A preferência permanece concentrada em figuras consolidadas. A ex-primeira-dama Michelle Bolsonaro aparece na liderança com 22%, seguida de perto pelo governador de São Paulo, Tarcísio de Freitas (Republicanos-SP), com 20%. Ambos permanecem amplamente à frente de Flávio, mesmo antes do anúncio oficial feito pelo senador na semana passada.

O Datafolha ouviu 2.002 pessoas entre 2 e 4 de dezembro, período anterior à confirmação de Flávio como aposta de seu pai. O resultado reforça a dificuldade de unir o eleitorado bolsonarista em torno do senador, que também enfrenta resistências dentro do centrão.
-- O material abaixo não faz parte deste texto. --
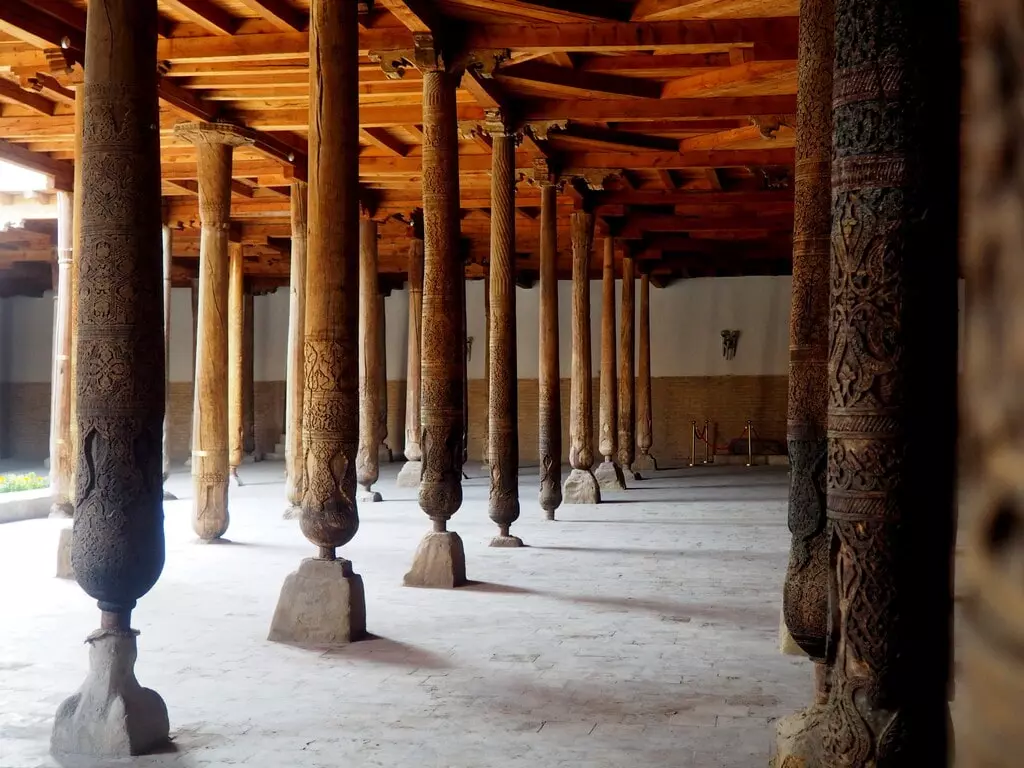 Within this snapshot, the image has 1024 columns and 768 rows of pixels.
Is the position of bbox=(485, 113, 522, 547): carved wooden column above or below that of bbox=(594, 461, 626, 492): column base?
above

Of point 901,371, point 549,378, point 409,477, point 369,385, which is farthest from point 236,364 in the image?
point 901,371

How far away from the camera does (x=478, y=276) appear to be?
1126 inches

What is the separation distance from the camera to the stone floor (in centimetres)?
510

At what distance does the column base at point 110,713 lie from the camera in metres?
4.95

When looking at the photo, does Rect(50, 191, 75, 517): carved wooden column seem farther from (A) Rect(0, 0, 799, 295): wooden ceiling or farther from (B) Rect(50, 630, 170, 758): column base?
(B) Rect(50, 630, 170, 758): column base

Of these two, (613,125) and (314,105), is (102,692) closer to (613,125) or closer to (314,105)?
(314,105)

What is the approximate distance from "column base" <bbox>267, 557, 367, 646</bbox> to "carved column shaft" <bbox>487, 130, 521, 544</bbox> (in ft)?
14.5

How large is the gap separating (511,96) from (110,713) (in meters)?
9.36

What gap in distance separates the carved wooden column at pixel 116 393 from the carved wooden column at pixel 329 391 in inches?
86.0

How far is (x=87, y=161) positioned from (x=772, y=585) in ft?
22.4

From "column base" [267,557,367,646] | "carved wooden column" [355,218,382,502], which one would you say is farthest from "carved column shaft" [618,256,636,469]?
"column base" [267,557,367,646]

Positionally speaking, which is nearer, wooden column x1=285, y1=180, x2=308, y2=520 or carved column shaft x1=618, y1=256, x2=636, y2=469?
wooden column x1=285, y1=180, x2=308, y2=520

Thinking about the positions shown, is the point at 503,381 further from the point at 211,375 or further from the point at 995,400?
the point at 995,400

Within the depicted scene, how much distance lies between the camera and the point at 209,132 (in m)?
12.8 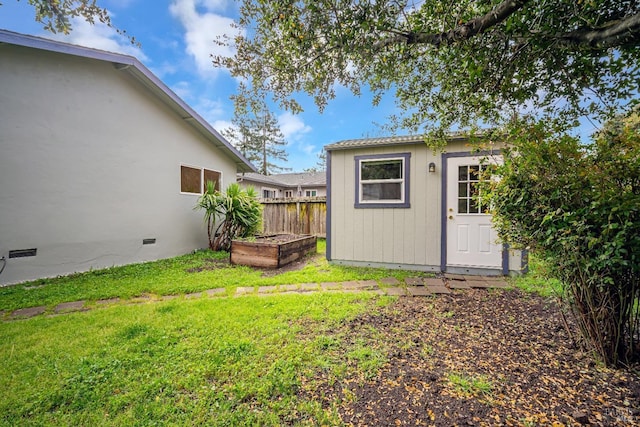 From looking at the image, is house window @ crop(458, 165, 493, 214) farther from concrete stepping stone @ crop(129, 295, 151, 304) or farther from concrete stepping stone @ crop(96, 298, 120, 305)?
concrete stepping stone @ crop(96, 298, 120, 305)

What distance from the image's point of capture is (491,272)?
16.1 ft

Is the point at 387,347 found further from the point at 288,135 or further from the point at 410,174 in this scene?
the point at 288,135

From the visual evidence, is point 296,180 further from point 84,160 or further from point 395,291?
point 395,291

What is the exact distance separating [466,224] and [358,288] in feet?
8.25

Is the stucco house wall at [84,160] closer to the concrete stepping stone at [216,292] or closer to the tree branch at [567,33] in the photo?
the concrete stepping stone at [216,292]

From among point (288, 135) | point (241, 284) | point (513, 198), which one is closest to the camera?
point (513, 198)

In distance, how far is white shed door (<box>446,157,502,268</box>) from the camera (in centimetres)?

Outros nomes lembrados pelos entrevistados foram Ratinho Jr. (PSD-PR), com 12%, e Eduardo Bolsonaro (PL-SP), que oscilou para 9%. Os governadores Ronaldo Caiado (União Brasil-GO) e Romeu Zema (Novo-MG) permanecem mais distantes, com 6% e 4%, respectivamente.

O levantamento mostra ainda que 50% dos entrevistados afirmam que jamais votariam em um candidato indicado por Jair Bolsonaro, enquanto 26% dizem que certamente apoiariam o nome sugerido pelo ex-presidente. Para 21%, o voto é possível, mas não garantido.

Entre os eleitores identificados como “núcleo duro” do bolsonarismo — cerca de 20% do eleitorado — Michelle também lidera com folga, com 35%, seguida de Tarcísio, com 30%. Eduardo Bolsonaro soma 14%, enquanto Flávio atinge apenas 9%.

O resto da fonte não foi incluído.